La prima tra le risposte possibile sarebbe allargare le maglie dell’immigrazione: la Polonia, per esempio, sta aprendo all’immigrazione dalle Filippine, Paese cattolico come la Polonia e con popolazione che quindi potrebbe integrarsi. Cechi e slovacchi, che hanno una storia di decenni di immigrazione dal Vietnam con problemi di integrazione inesistenti, a seguito del boom del Vietnam che fa rimanere la popolazione in Asia, stanno aprendo agli ucraini, vicini di lingua e mentalità e quindi potenzialmente anche loro facili da integrare.
Questo sicuramente tranquillizza una popolazione che ha paura di un’invasione africana ed islamica, e che vota di conseguenza. Il problema da affrontare, però, non è solo l’integrazione. Servono infatti figure professionali già pronte ad operare in un’economia avanzata, in cui anche un operaio deve avere dimestichezza con macchine ed informatica. Insomma aprire all’immigrazione africana non sembra la cosa logica da fare, dati i bassi livelli di scolarizzazione.

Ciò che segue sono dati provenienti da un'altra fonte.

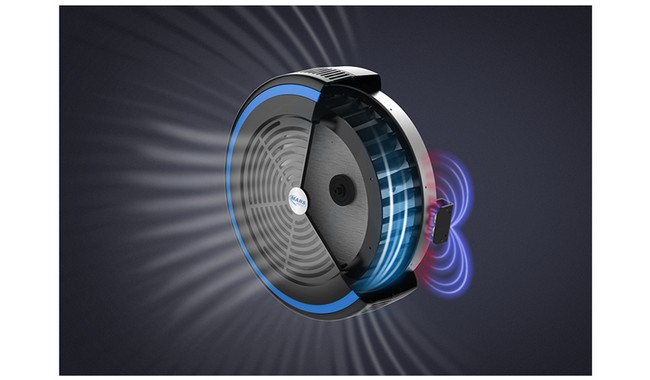 Веслувальний тренажер Impulse HSR007-WX - дополнительное фото 10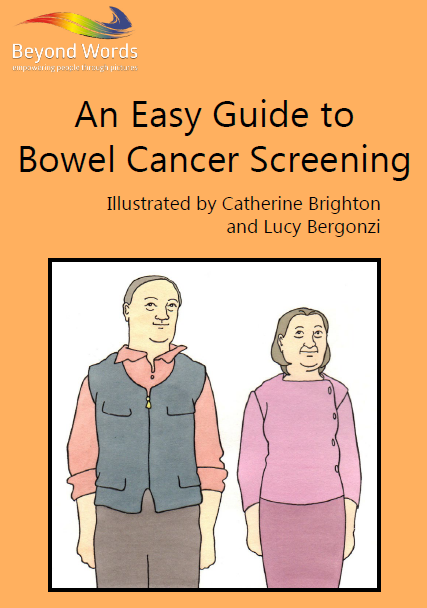 An Easy Guide To Bowel Cancer Screening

Il Financial Times individua una seconda strada: l’uso dell’automazione per sostituire progressivamente chi va in pensione. La tendenza è già iniziata, con investimenti in robotica in salita dal 2014

Non affrontare per tempo questi problemi causerebbe una minor crescita, ed è proprio la crescita sostenuta che ha portato avanti gli investimenti che hanno fatto la fortuna di queste economia, portandole in pochi decenni in pari con il resto d’Europa dopo i disastri dell’economia pianificata comunista. Ecco che allora anche il Financial Times individua una seconda strada: l’uso dell’automazione per sostituire progressivamente chi va in pensione. La tendenza è già iniziata, con investimenti in robotica in salita dal 2014.
Basterà a mantenere i tassi di crescita alti e l’inflazione sotto controllo? Difficile a dirsi, per ora.

L’altra domanda interessa più da vicino l’Italia, che ha una popolazione in progressivo invecchiamento: questa soluzione può essere applicabile anche qui? E che cosa stanno facendo i nostri politici per favorire lo sviluppo di tecnologie moderne che permetterebbero, tra l’altro, anche di aumentare la produttività, cosa della quale abbiamo bisogno disperato? Alla fine l’Italia è un paese leader nella produzione di automazione industriale, quindi non sarà il caso di iniziare a pensarci?